#### [DATA FOR THE TASK]

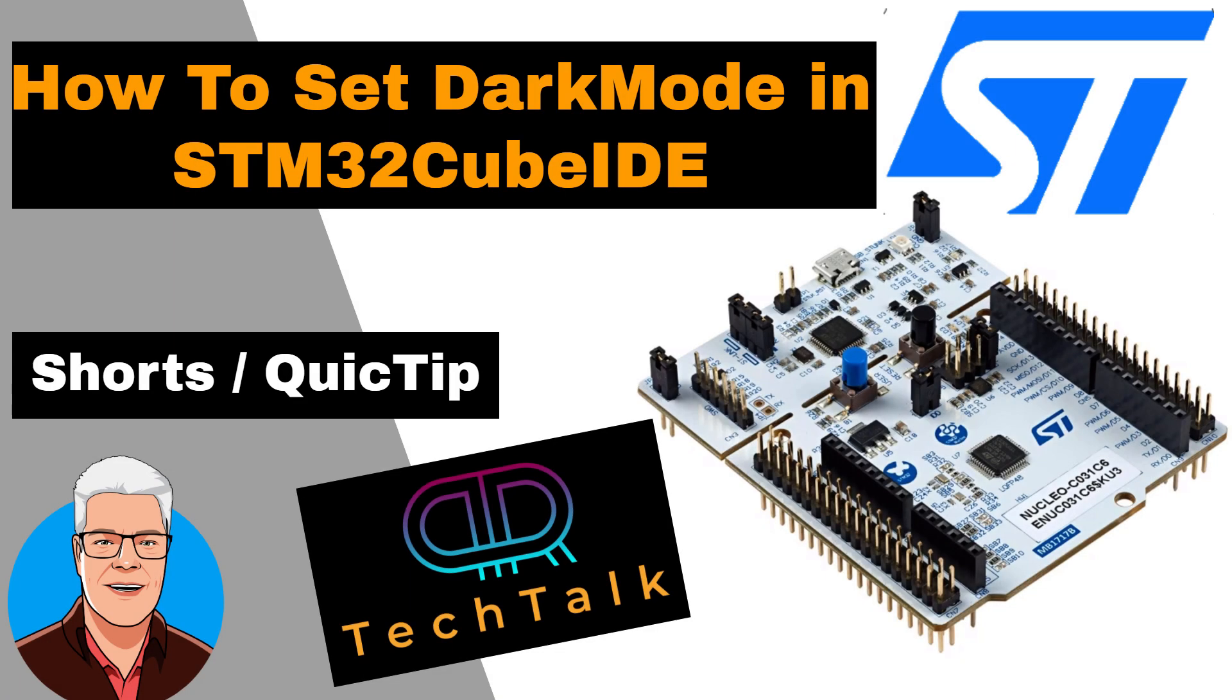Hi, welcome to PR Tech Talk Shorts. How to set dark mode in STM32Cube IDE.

--

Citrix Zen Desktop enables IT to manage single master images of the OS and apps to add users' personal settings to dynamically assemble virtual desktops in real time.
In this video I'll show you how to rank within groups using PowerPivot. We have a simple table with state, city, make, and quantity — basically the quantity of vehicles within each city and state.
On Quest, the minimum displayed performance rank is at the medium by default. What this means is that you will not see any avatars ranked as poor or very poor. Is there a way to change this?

#### [TASK STATEMENT]
Lines holding the string "rank" in the records: how many are there? Give only the number.

#### [PROBLEM SOLUTION]
2